* [What the task requires]:
Pick every line from the data that holds the word "Luxury".

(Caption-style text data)
/---

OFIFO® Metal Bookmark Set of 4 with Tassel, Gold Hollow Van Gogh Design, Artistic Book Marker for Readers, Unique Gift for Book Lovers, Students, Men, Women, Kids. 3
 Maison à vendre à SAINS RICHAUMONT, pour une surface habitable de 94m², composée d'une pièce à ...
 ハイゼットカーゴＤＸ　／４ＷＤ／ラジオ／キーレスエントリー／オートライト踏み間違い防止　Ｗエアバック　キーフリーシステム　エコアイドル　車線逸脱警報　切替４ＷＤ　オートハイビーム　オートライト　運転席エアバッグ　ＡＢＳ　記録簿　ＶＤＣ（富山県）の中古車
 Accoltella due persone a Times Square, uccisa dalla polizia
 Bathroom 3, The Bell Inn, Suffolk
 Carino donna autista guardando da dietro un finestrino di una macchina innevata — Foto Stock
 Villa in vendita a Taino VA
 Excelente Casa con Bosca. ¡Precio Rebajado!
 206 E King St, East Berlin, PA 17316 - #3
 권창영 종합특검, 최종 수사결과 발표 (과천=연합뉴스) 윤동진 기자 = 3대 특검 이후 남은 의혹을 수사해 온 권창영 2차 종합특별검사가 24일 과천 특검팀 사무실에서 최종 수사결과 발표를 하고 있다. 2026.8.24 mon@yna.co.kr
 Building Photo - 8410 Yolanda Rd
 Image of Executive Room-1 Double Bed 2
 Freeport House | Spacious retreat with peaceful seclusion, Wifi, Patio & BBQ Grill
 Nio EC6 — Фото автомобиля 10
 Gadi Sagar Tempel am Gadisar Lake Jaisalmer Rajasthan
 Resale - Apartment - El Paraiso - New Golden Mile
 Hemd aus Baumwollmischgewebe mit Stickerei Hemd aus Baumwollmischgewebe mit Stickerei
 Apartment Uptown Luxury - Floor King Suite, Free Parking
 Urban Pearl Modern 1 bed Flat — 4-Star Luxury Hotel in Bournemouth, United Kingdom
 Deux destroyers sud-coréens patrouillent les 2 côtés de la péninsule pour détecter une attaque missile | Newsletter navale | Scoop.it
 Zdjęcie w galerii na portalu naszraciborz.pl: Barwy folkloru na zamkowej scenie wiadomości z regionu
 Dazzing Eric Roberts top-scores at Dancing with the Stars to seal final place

\---

* [Result of the task]:
 Apartment Uptown Luxury - Floor King Suite, Free Parking
 Urban Pearl Modern 1 bed Flat — 4-Star Luxury Hotel in Bournemouth, United Kingdom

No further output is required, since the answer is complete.